What is needed - In the records that follow, the lines from the one containing "Gelbe und rote" to the one containing "4550 NW 18th Avenue Deerfield Beach FL 33064", inclusive, are to be given again exactly.

Record excerpts -
_ _ _ _ _
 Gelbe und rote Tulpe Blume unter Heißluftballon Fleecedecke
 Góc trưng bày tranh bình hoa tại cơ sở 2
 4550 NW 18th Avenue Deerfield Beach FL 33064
_ _ _ _ _
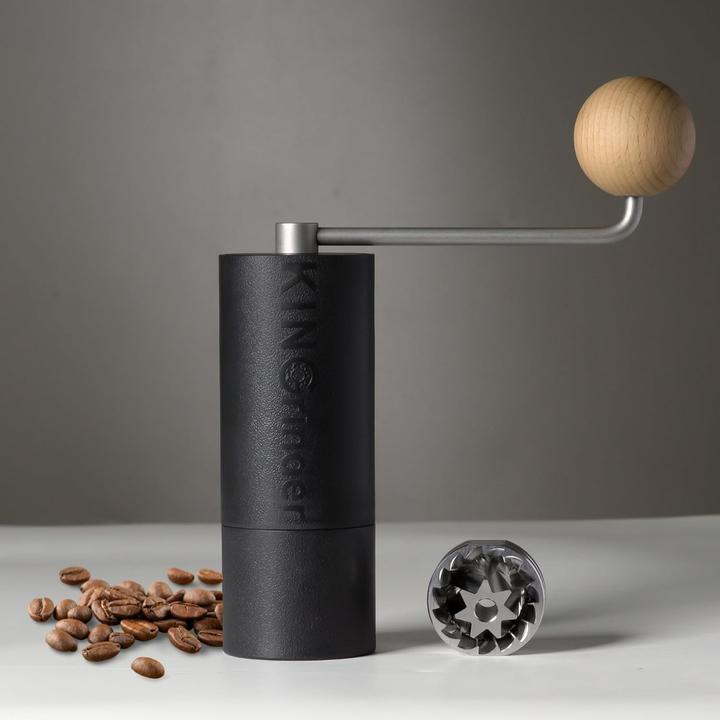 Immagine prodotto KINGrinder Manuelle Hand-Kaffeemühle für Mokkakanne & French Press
_ _ _ _ _
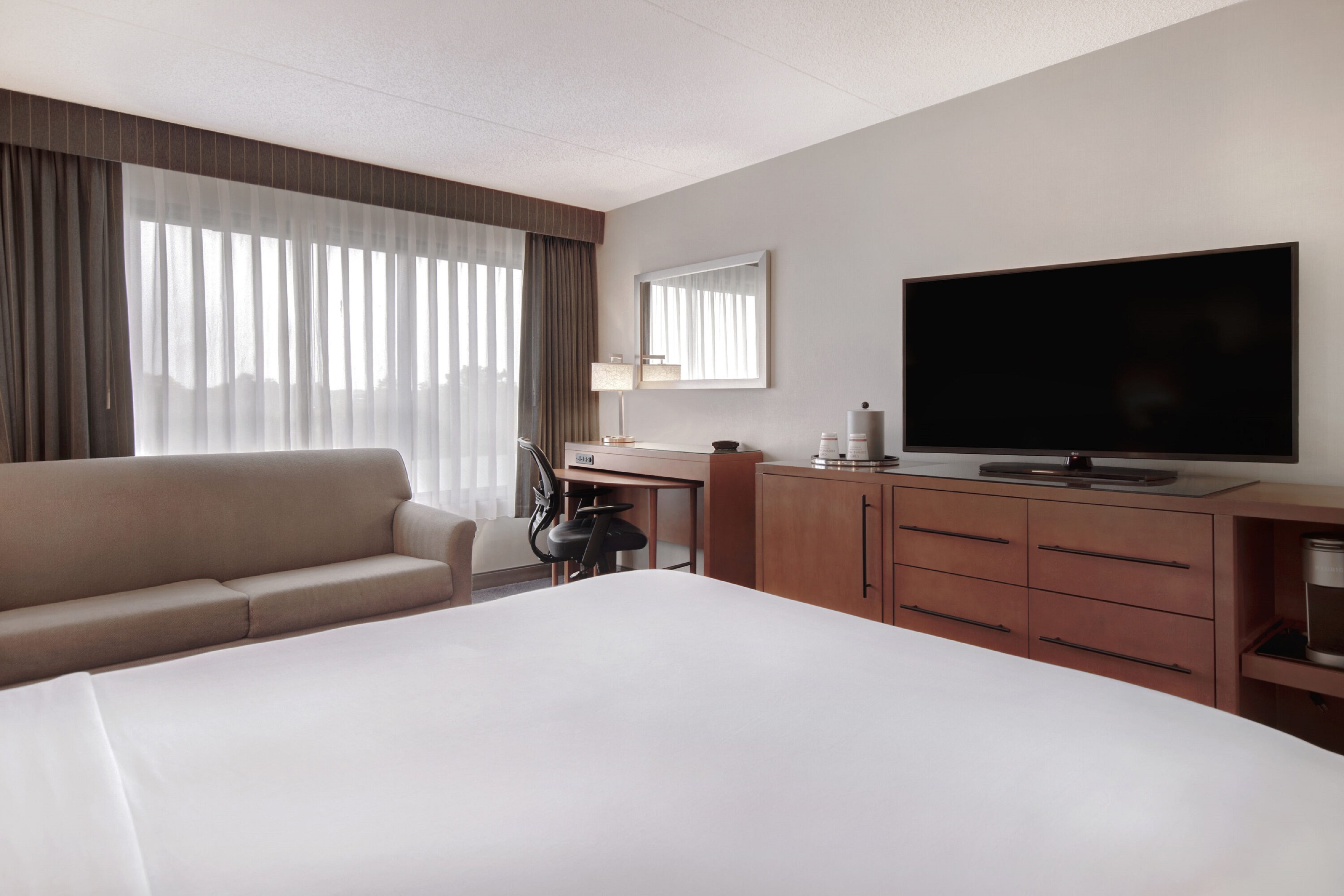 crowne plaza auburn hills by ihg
_ _ _ _ _
Exercise result -
 Gelbe und rote Tulpe Blume unter Heißluftballon Fleecedecke
 Góc trưng bày tranh bình hoa tại cơ sở 2
 4550 NW 18th Avenue Deerfield Beach FL 33064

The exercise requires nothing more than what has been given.